Register a Data Element
What is it?
The Data Element Registry allows you to create a catalog of all available data points on the platform. Before a column in a DataTable can be used downstream, it must first be registered as a Data Element.
A Data Element acts as a governed layer between raw data columns and other registered objects:
Benefits of a registered Data Element
1. Enhanced data organization and documentation
Raw column names in DataTables are often hard to read (for example, annual_inc). By registering it as a Data Element, you can assign a meaningful alias, name, and description, building up a Data Dictionary that makes data easier to understand for new users.
2. Improved governance and control
- Apply permissible purpose tags to regulate Data Element usage (for example, marking gender or race as PII to restrict their use in marketing).
- Track versions of every change to the Data Element over time.
- Monitor downstream usage to see exactly where, and at which version, the Data Element is being consumed.
Two Types of Data Elements
A Data Element can be either Simple (a 1-to-1 mapping from a column) or Aggregated (a value computed across multiple rows).
| Simple | Aggregated | |
|---|---|---|
| Maps from | A single column | Multiple rows across one or more tables |
| Use when | The column value is ready to use as-is | You need to compute something across records |
| Example | annual_income from app_table |
Total bankruptcies in the last 10 years |
You pick which kind to register by ticking or leaving the Is Aggregated checkbox in the Attributes section.
How to Register
The form has three sections: Attributes, Definition, and Properties. The Definition section changes depending on whether the Data Element is Simple (Is Aggregated unticked) or Aggregated (Is Aggregated ticked). Pick the matching tab below.
Step 1: Open the Create Form
- Open Data Vault → Data Element Registry from the home page.
-
Click + New Data Element at the top right.
Data Element Registry.

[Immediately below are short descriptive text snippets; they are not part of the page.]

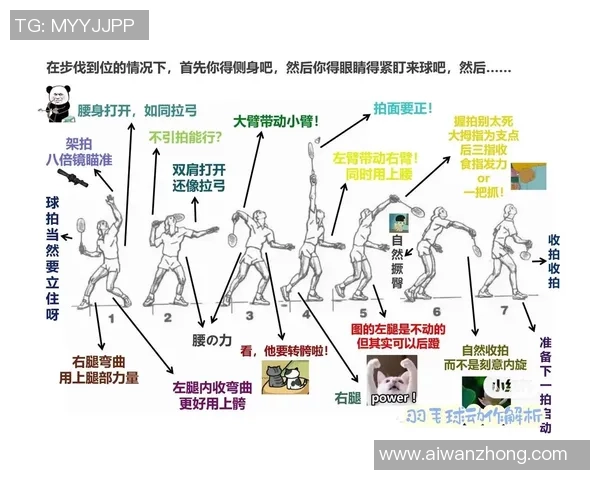 羽毛球焦点：深入分析杭州羽毛球队的速度与技巧发展之路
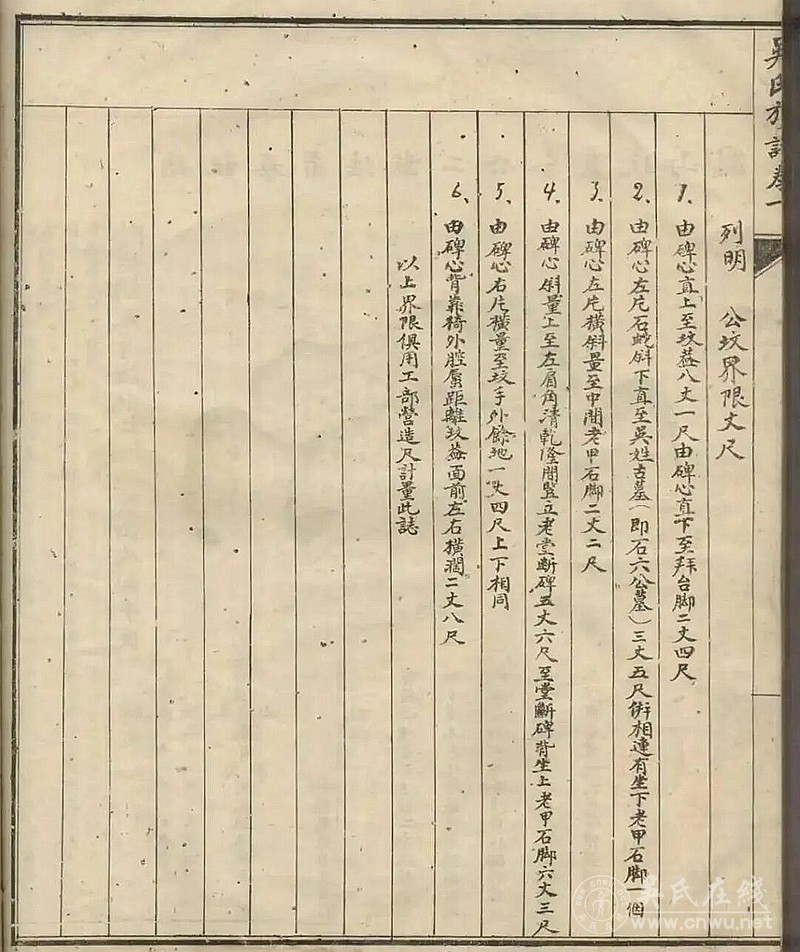 四川简阳谱記載資料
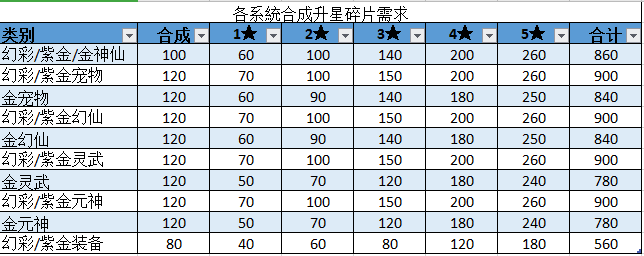 萌新答疑貼|道友請留步 - 第2張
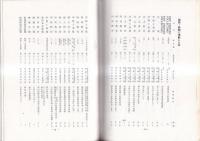 岩村武勇先生　著述目録と風格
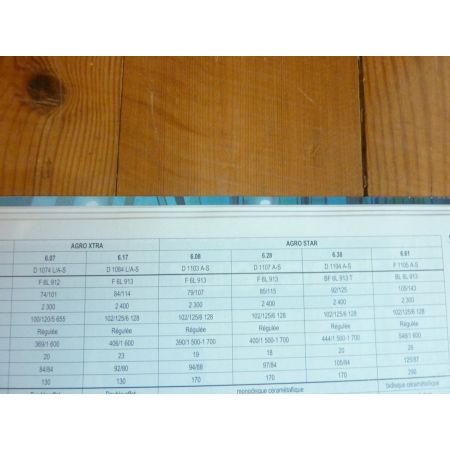 AgroPrima AgroXtra Revue Technique Agricole Deutz Fahr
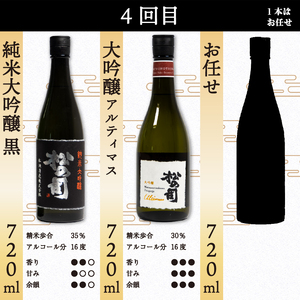 定期便 日本酒 松の司 12本 ( 3種類 × 4回 ) 720ml 1本お任せ 純米吟醸 「楽」 「AZOLLA50」 「生もと純米酒」 「陶酔」 「純米酒」 「竜王山田錦」 「みずき」 「黒」 「限定純米酒」 「純米吟醸」 「Ultimus」金賞 受賞酒造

Use + New Data Element to start a new entry. -
Type a clear, descriptive name at the top of the form (for example,
Account Vintage In Years) and click ✓.
Give the Data Element a descriptive name.

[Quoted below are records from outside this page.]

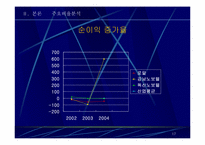 [호텔회계학] 로얄호텔 & 노보텔 재무제표분석-17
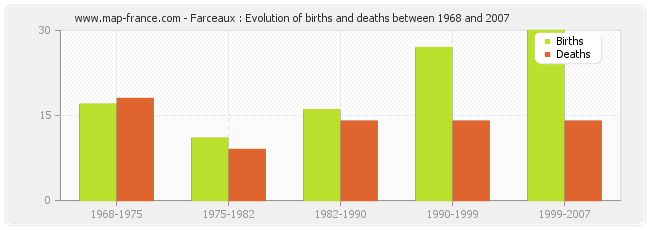 Farceaux : Evolution of births and deaths between 1968 and 2007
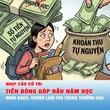 Nhịp cầu cử tri: Tiền đóng góp đầu năm học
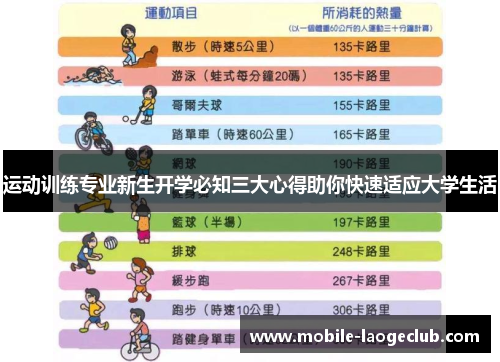 运动训练专业新生开学必知三大心得助你快速适应大学生活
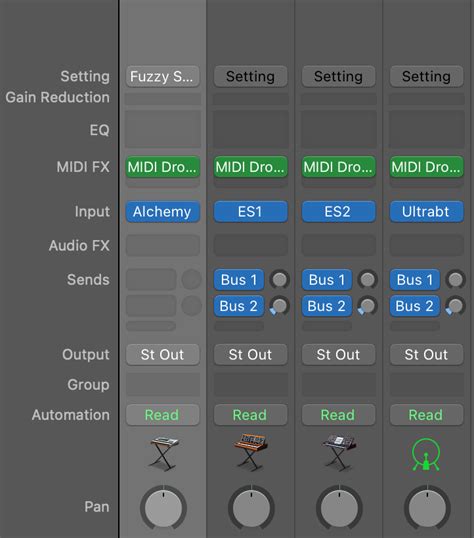Image result for Programming Instrument Syncio Tutorial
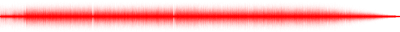 Forma de onda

Step 2: Fill in Attributes
Leave Is Aggregated unticked.
| Field | What to enter |
|---|---|
| Data TypeRequired | The type of value stored (for example, numerical, string, boolean, date). |
| AliasRequired | Short identifier used across the platform (for example, annual_income). |
| EntityRequired | Prospect, Application, Account, or Customer. |
| Is Aggregated | Leave unticked. |
Step 3: Fill in Definition
Point at the column you want to expose.
| Field | What to enter |
|---|---|
| Source TableRequired | The registered DataTable that contains the column. |
| Source ColumnRequired | The specific column to map. |
Step 4: Fill in Properties
| Field | What to enter |
|---|---|
| DescriptionRequired | Plain-language explanation of what the Data Element represents. This is the entry that appears in your Data Dictionary. |
| Permissible PurposeRequired | Tags that control where the Data Element may be used (for example, PII, marketing-allowed). |
| GroupRequired | Logical grouping for the Data Element, used for display and organising similar use cases. |
| Keywords | Free-form tags that help search for the Data Element later. |
Step 5: Click Create
Click Create at the bottom right of the form. The Data Element is saved as a draft and you land on its details page.

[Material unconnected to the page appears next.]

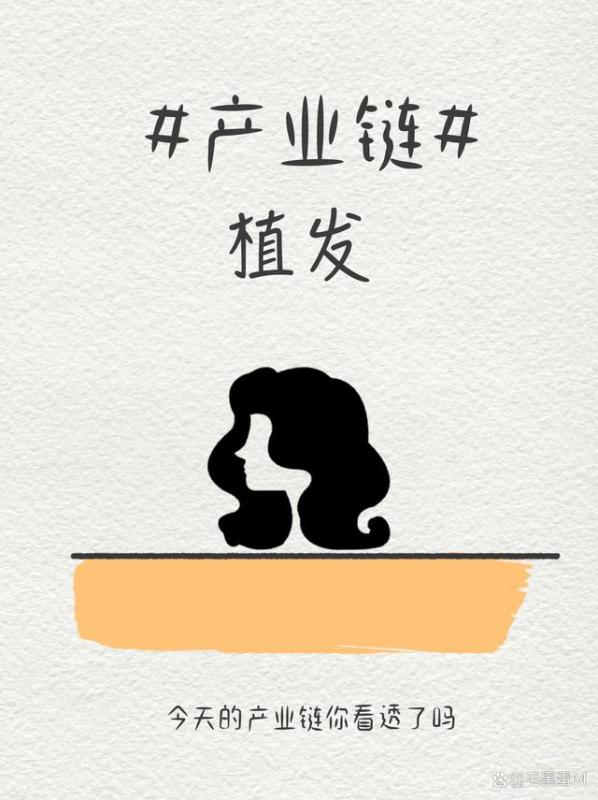 三十分钟深度剖析植发行业！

Step 1: Open the Create Form
- Open Data Vault → Data Element Registry from the home page.
-
Click + New Data Element at the top right.
Data Element Registry. Use + New Data Element to start a new entry. -
Type a clear, descriptive name at the top of the form (for example,
Total Deposit Amount (Last 90D)) and click ✓.
Give the aggregated Data Element a descriptive name (for example, Total Deposit Amount Last 90D).
Step 2: Fill in Attributes
Tick Is Aggregated. The Definition section reveals an Input Type editor in place of the Source Column dropdown.
| Field | What to enter |
|---|---|
| Data TypeRequired | The output type of your aggregation (for example, numerical for a count or a sum, boolean for a flag). There is no single source column for an aggregated Data Element. |
| AliasRequired | Short identifier (for example, bankruptcies_last_10y). |
| EntityRequired | The entity to group by (for example, Customer). |
| Is Aggregated | Ticked. |
Picking the right Data Type
The Data Type must match what your code returns:
- Counting rows or summing amounts →
Numerical - Returning a list of values →
Array Numerical(orArray String, etc.) - Returning a flag or category label →
StringorBoolean
The platform validates the return value against this type when you save.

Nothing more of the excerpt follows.